Hacker News new | ask | show | jobs
by rkangel 1816 days ago
> Networking has legacy reasons from the bad old days when byte order wars were still a thing, but those days are gone.

Yeah, this isn't true. Low level hardware receiving data still likes to use shift registers:

    * Zero shift reg
    * clock in one byte, shift into shift register
    * Clock in next byte, shift into shift register shifting the previous byte left one
    * Repeat for as many bytes as you have
If you want this to work for a variable number of bytes, then you need most significant byte first, so that everything more significant is pre-zeroed. This is not theoretical - we did this for an FPGA network offload thing last year.

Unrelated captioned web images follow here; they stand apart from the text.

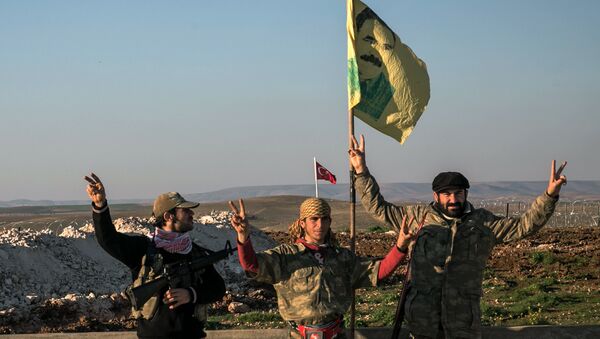 FILE - In this Sunday, Feb. 22, 2015, file photo, Syrian Kurdish militia members of YPG make a V-sign next to poster of Abdullah Ocalan, jailed Kurdish rebel leader, and a Turkish army tank in the background in Esme village in Aleppo province, Syria - Sputnik International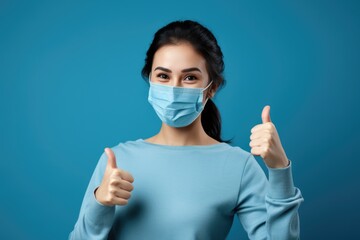 young woman in medical mask giving thumbs up gesture on blue background. - obrazy, fototapety, plakaty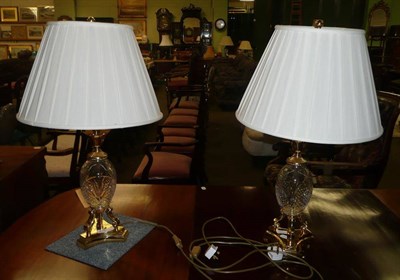 Lot 626 - A pair of cut glass table lamps with cream gathered shades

Processors can't agree on endinaness, but network protocols have. "Network byte order" is a standard thing that is almost completely universal across communication protocols.

2 comments

This kind of misses the point of his comment though. There's now tons of ASICs and FPGAs in networking gear that relies on network byte order for optimal performance. No one's advocating for changing that.

What he is saying is that for pretty much everything else (read: typical CPUs) it's all little endian now.

I am out of my depth here, but I do not really understand why this matters. Could you elaborate?

Basically, I understand that shifts for incoming serial bits is very convenient. But as long as you specify the "word size" used in your local memory, I do not see the problem: just use 8 (for instance) shifts for your 8-bit word and then go to the next memory location. Why is this fantasy wrong?